Hacker News new | ask | show | jobs
by Liveanimalcams 2620 days ago
I'm not a professional but I built a pipeline for Makers Part List - It involves ingesting a video URL, converting the video into images, then storing the images in google storage. Once stored I trigger the model to classify the image. The images are then displayed to annotators who verify/relabel the images. Once I get enough new images the system creates a .csv and uploads it to googles autoML where it retrains my model.

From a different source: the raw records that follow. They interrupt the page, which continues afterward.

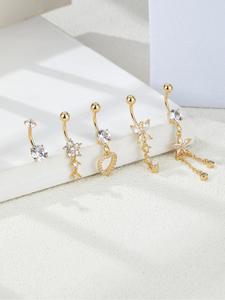 Fashion Butterfly & Flower Design Navel Ring, Artificial Zircon Inlaid Navel Piercing Jewelry for Party, Daily Clothing Decor, Trendy All-match & Exquisite Sparkling Zircon Inlay High Quality Jewelry for Birthday Gift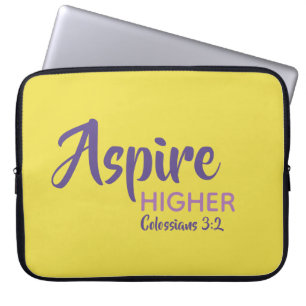 ASPIRE HÖHER Inspiration Christlich gelb Laptopschutzhülle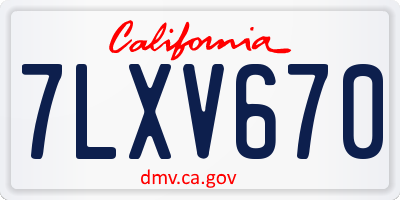 CA license plate 7LXV670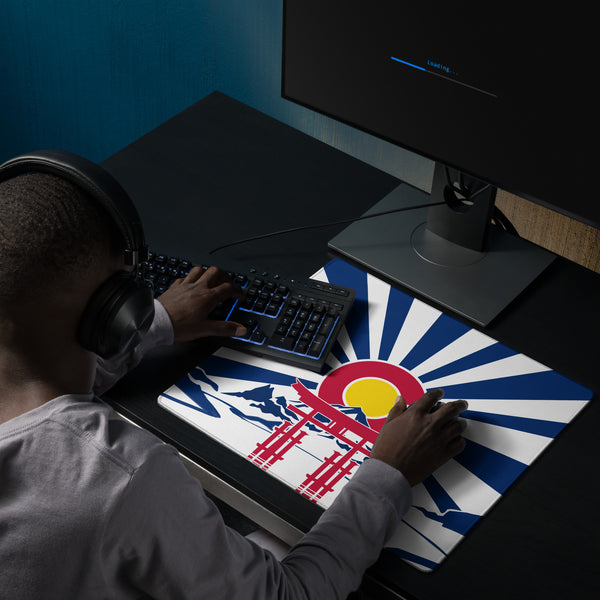 Colorado and Japan gaming mouse pad, mountains and torii desk mat, stitched edges, 18×16 and 36×18 inch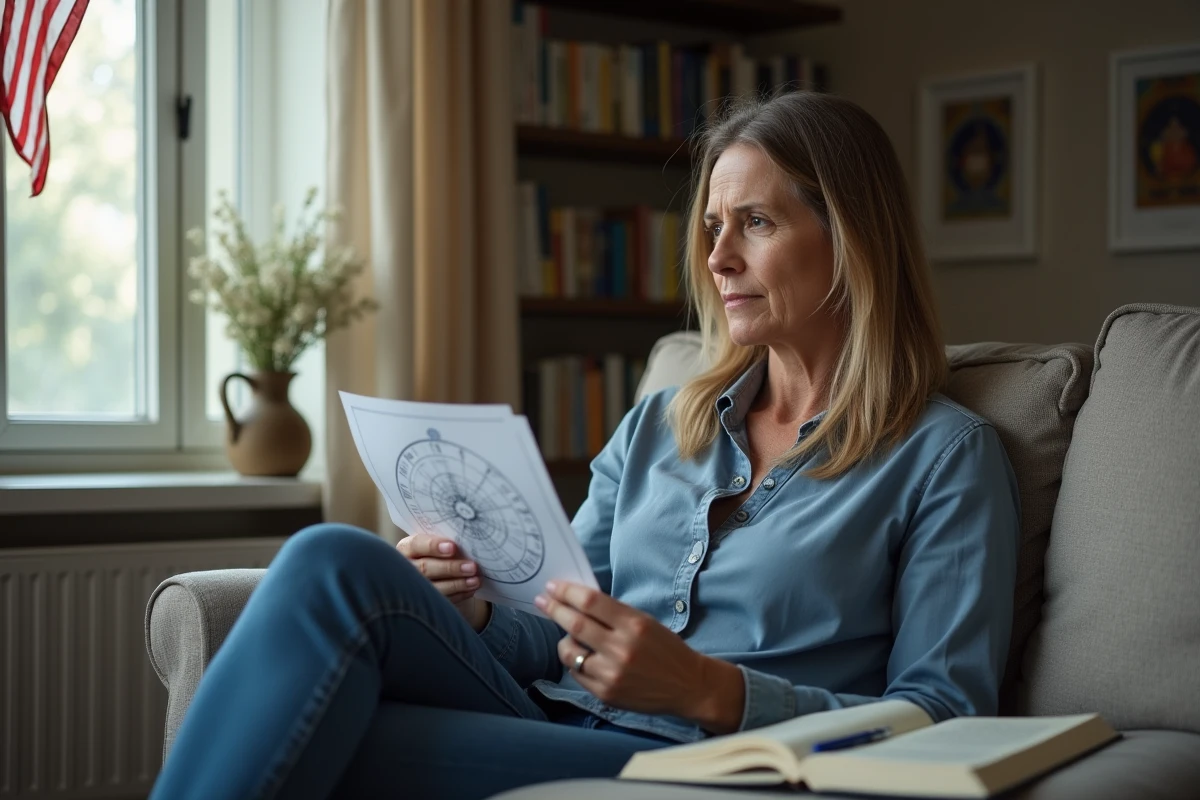 Femme méditative regardant un petit chart astrologique
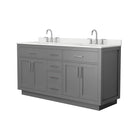 Beckett TK 66" Free Standing Double Basin Vanity Set with Cabinet and Quartz Vanity Top - image 14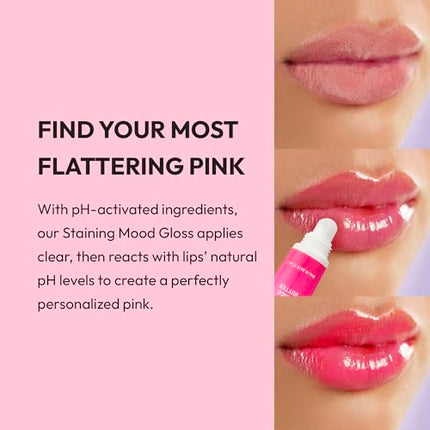 Ruby Kisses Ph Lip Gloss, Intense Pink Tinted Lip Balm Stain, Mood Color-slg02d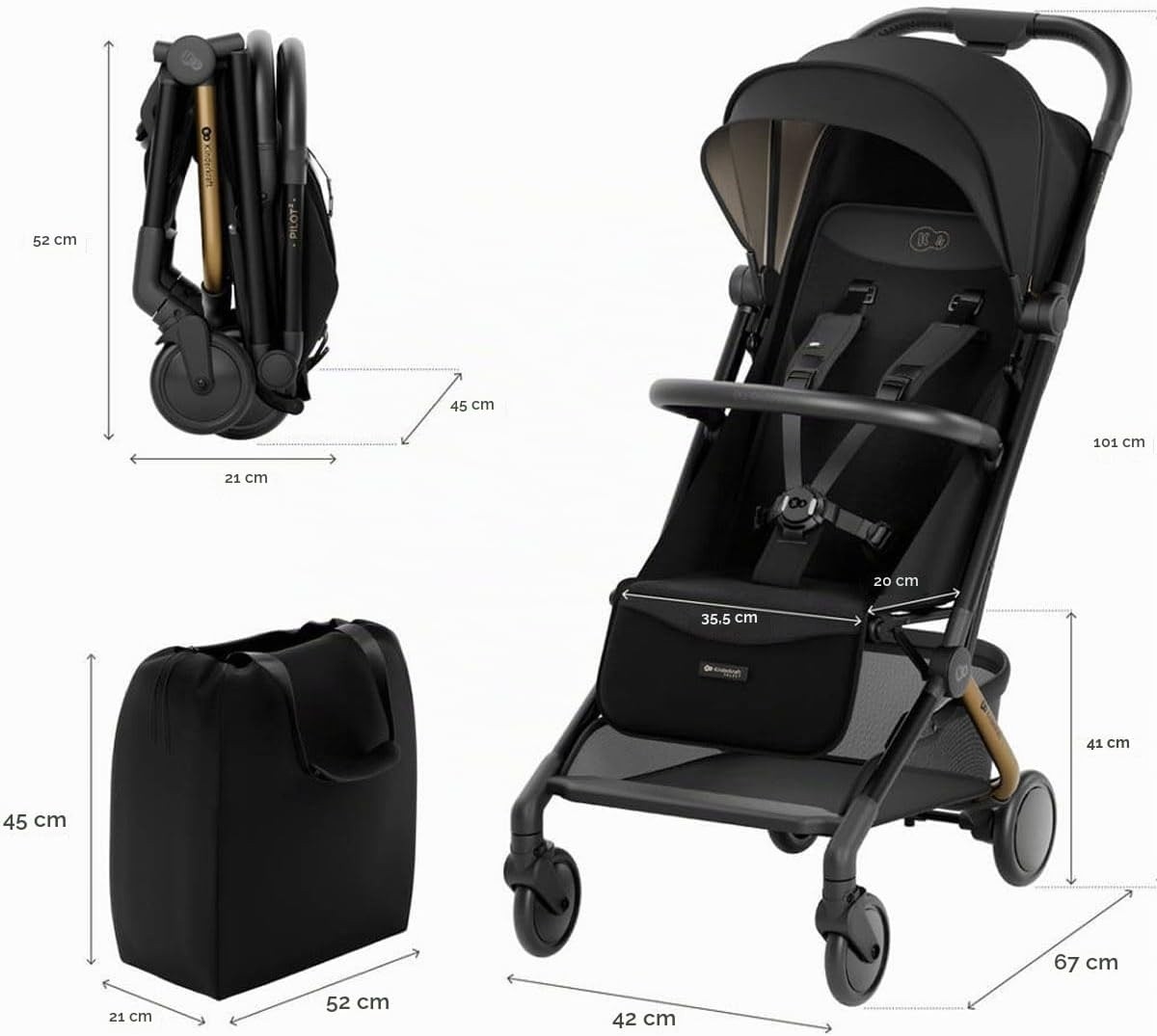 Коляска Kinderkraft Pilot 2 Black (KSPILO02BLK0000)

My bottlenecks now are splitting the videos into images as its a very CPU intensive process. Implementing a queue here is my best choice I think.

1 comments

Interesting. Could you maybe expand on the tools that you utilize inside the pipeline for ETL, model creation, annotation and testing?
I'm running the front and backend of the consumer site on Heroku. The meat of pipeline is hosted on a DigitalOcean High CPU Droplet. I use ffmpeg to extract images from the provided videos. I store everything in Google Cloud Storage and create references to each photo in Firestore. I use Firebase to power for the image verifying/labeling app I built. Its a simple app that presents the viewer with the image and the label that it was given. If its not correct they enter the correct label. I use a cloud function to move the images into an exportable format for autoML once a new image threshold has been hit. Testing is me using it and seeing if it is correctly identifying the objects.